What I could understand from this post is:

_ThaaTheN maarnaa - paanii kaa uuNchii uuNchii par (?) shor maujeN maarnaa

_Please do correct my (mis)understanding.


----------



## Qureshpor

A "sea of people" *surging forward* (like a wave).


----------



## sapnachaandni

Chhaatr said:


> _ThaaTheN maarnaa - paanii kaa uuNchii uuNchii par (?) shor maujeN maarnaa
> 
> _


ThaaTheN maarnaa - paanii kaa uuNchii uuNchii "*pur*-shor" maujeN maarnaa


----------



## Gope

sapnachaandni said:


> According to “فیروز اللغات”i:
> ٹھاٹھیں مارنا۔  پانی کا اونچی اونچی پر شور موجیں مارنا​


Shukriya, sapnachaandni saaHibaa, so he is saying picturesquely that there was a sea of humanity making high and noisy waves.


----------



## Gope

Chhaatr said:


> Could you please transliterate?
> 
> What I could understand from this post is:
> 
> _ThaaTheN maarnaa - paanii kaa uuNchii uuNchii par (?) shor maujeN maarnaa
> 
> _Please do correct my (mis)understanding.


Chhaatr ji, I think it is pur shor, like pur asraar= mysterious, full of mystery. I trust I am not wrong!


----------



## Gope

Qureshpor said:


> A "sea of people" *surging forward* (like a wave).


Very happy with this idiomatic translation, QP SaaHib.


----------



## Chhaatr

bahut shukriyah sapnachaandni jii and Gope jii.


----------



## sapnachaandni

Gope said:


> Chhaatr ji, I think it is pur shor, like pur asraar= mysterious, full of mystery. I trust I am not wrong!



you're right Gope jii. 

"pur" means भरपूर (bharpuur), भरा हुआ (bharaa hu'aa)


----------



## Qureshpor

Qureshpor said:


> A "sea of people" *surging forward* (like a wave).

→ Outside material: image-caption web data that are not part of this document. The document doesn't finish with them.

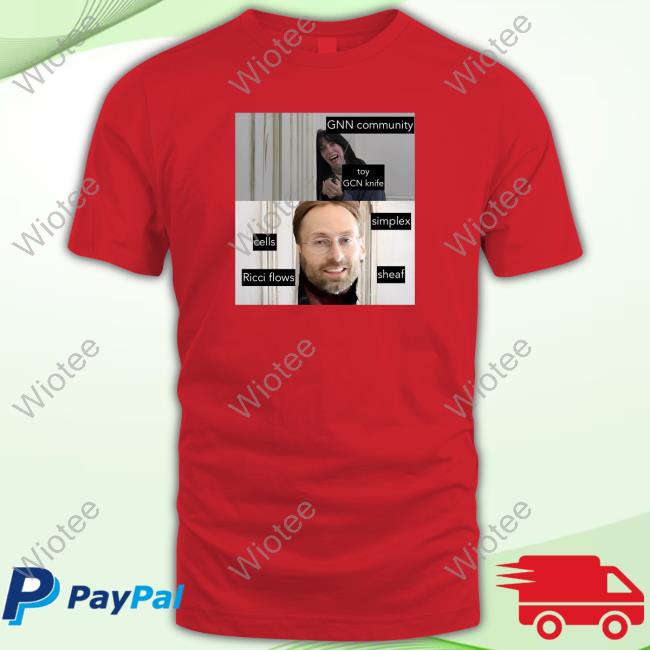 Official Gnn Community Toy Gcn Knife Cells Ricci Flows Simplex Shaef Shirt Official Gnn Community Toy Gcn Knife Cells Ricci Flows Simplex Shaef Tee Shirt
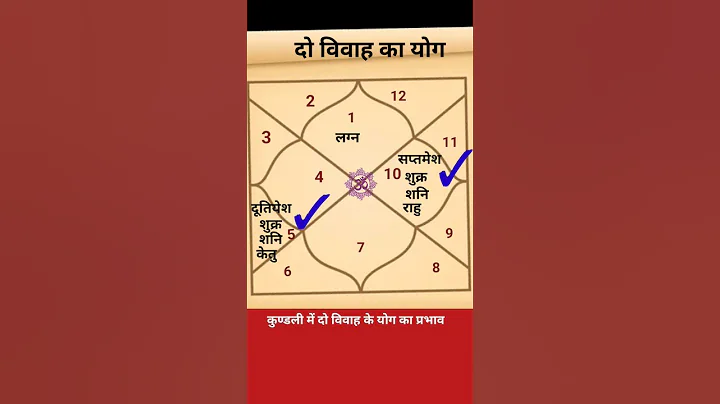 कुण्डली में दो विवाह का योग #astrology #viral #youtube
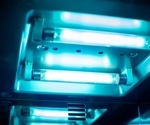 UV Light Reshapes 3D Genome Structure, Altering DNA Repair and Gene Activity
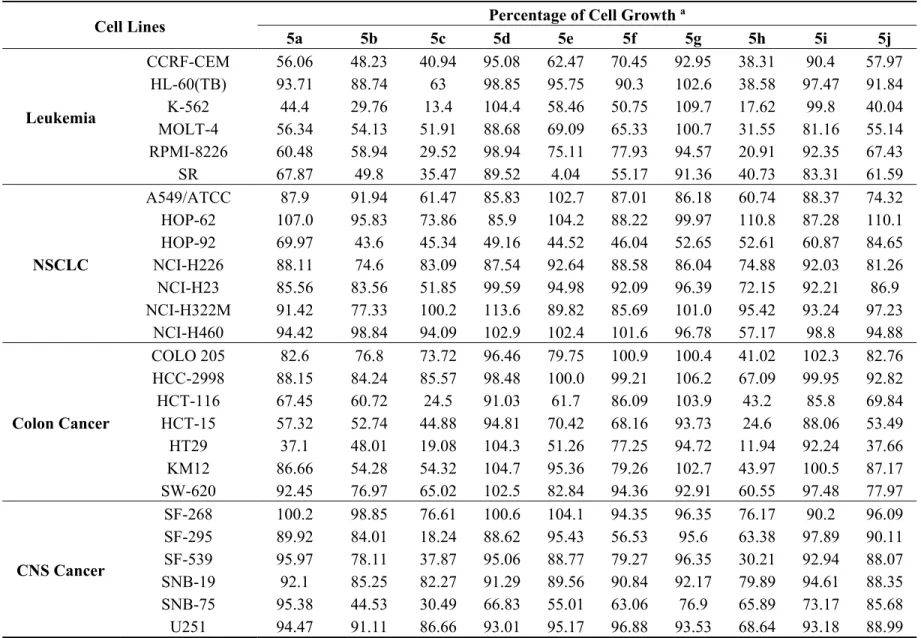 Table 1. Percentage of cell growth for the tested compounds against 60 tumor cell lines
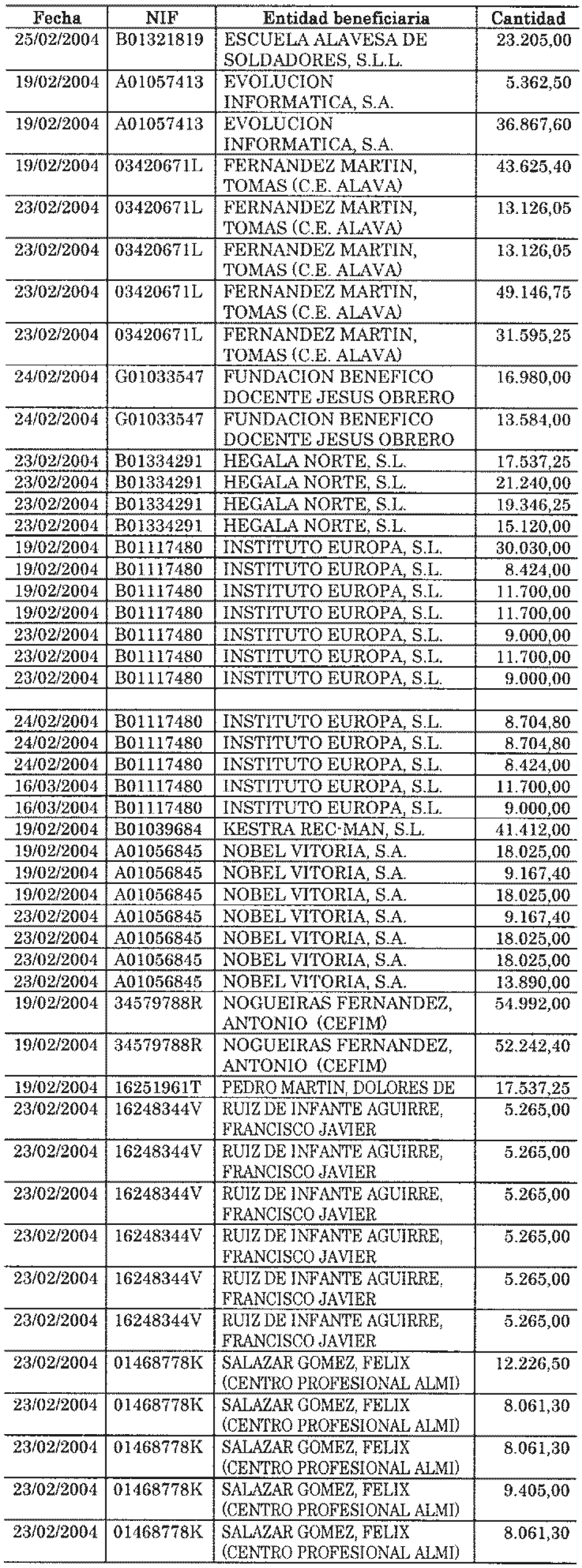 Imagen: /datos/imagenes/disp/2004/148/11482_11132792_image4.png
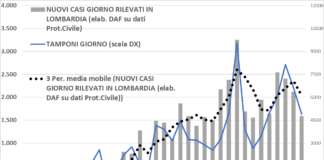 Qualche segnale positivo, ora servono scelte mirate (e ragionate) statistiche coronavirus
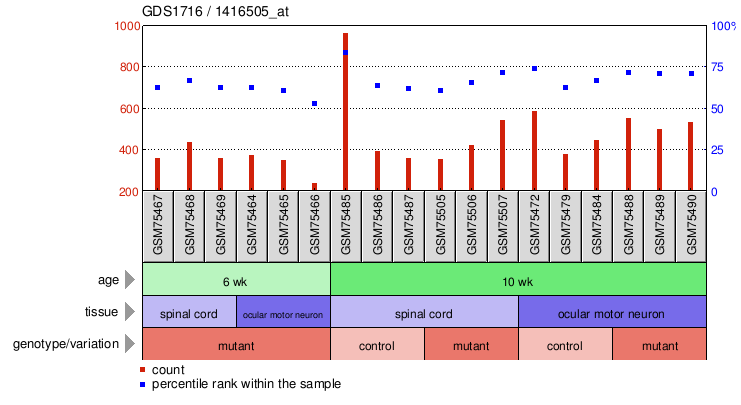 Gene Expression Profile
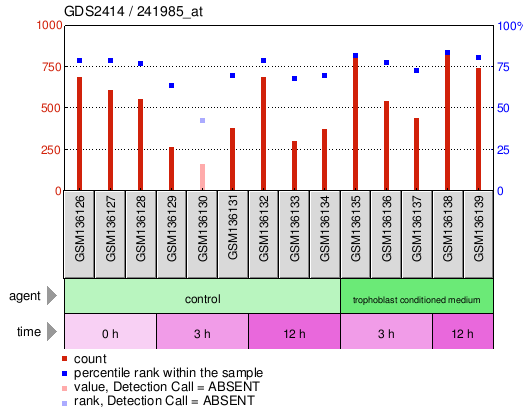 Gene Expression Profile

I would like to add that the word is actually "ThaaTh" which in Punjabi, yes Punjabi, is a feminine noun meaning "a wave". So, my guess is that "ThaaTeN maarnaa" is a conjunct verb made on the Punjabi pattern. I too could not find "ThaaT", as a feminine noun, in any of the older Urdu dictionaries.


----------



## Qureshpor

sapnachaandni said:


> According to “فیروز اللغات”i:
> ٹھاٹھیں مارنا۔  پانی کا اونچی اونچی پر شور موجیں مارنا​


پانی کا اونچا اونچا پُر شور موجیں مارنا؟


----------



## Gope

Qureshpor said:


> پانی کا اونچا اونچا پُر شور موجیں مارنا؟


But it is kii in that famous song: tuu gangaa kii mauj...तू गंगा की मौज...


----------



## Qureshpor

uuNchaa uuNchaa goes with paanii.


----------



## Gope

Qureshpor said:


> uuNchaa uuNchaa goes with paanii.


If that is what grammar says I should accept it. The way I reasoned was the action of water is being described by thaath maarnaa. So paanii kaa is OK. Paanii kaa maujeN maarnaa is therefore OK. Since maujeN are being described here I would think it should be uunchii uunchii.  Sapnaachaandnii's original quote : paanii ka uunchii uunchii pur shor maujeN maarnaa sounded right to me. How would you analyse otherwise, QP SaaHib?


----------



## Qureshpor

^ I have taken another look at this and I offer my apologies to sapnachaandii SaaHibah and you (and the dictionary compilers). I would just like to add that the definition provided is somewhat clumsy.


----------



## Gope

But, QP SaaHib, it was your question that made me look at Sapnaachaandni SaaHiba's quote closely, and I am relieved my analysis was not illogical, after all!


----------



## sapnachaandni

^ Gope jii, your analysis is correst. “kaa” can’t be “kii” because of “maarnaa” and “uuNchii uuNchii” can’t be “uuNchaa uuNchaa” because it’s the adjective of “maujeN”.


----------



## Gope

sapnachaandni said:


> ^ Gope jii, your analysis is correst. “kaa” can’t be “kii” because of “maarnaa” and “uuNchii uuNchii” can’t be “uuNchaa uuNaa” because it’s the adjective of “maujeN”.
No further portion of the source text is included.